On Tuesday, May 22, 2018, Congress passed the Economic Growth, Regulatory Relief, and Consumer Protection Act (P.L. 115-174), which includes new protections for student loan borrowers. The bill is expected to be signed into law by the President.
Two of the changes apply only to new private student loans made 180 days after enactment of the legislation.
- The legislation prevents lenders of private student loans from declaring a private student loan to be in default or otherwise accelerate the debt solely because of the death or bankruptcy of the loan’s consigner. This bans so-called “auto-default” clauses.
- The legislation requires private student loans to release cosigners from their obligation to repay the student loan upon the death of the student borrower.
The legislation also facilitates the creation of loan rehabilitation programs for private student loan programs. It amends the Fair Credit Reporting Act to allow (but not require) lenders to remove a private student loan default from a borrower’s credit history in connection with the borrower’s completion of a loan rehabilitation program. The loan rehabilitation program must require a specified number of consecutive on-time monthly payments that demonstrate “a renewed ability and willingness to repay the loan.” This is a one-time opportunity per loan.

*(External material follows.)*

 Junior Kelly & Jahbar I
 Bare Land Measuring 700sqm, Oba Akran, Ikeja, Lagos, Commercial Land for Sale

Finally, the legislation requires the Financial Literacy and Education Commission to develop and promote best practices for teaching financial literacy skills at colleges and universities and help college students make smarter borrowing decisions. The best practices will include methods for increasing student awareness of their total debt, monthly payments and repayment options, communicating the importance of graduating on a student’s ability to repay their student loans, and determining the most effective ways of engaging students in financial literacy education.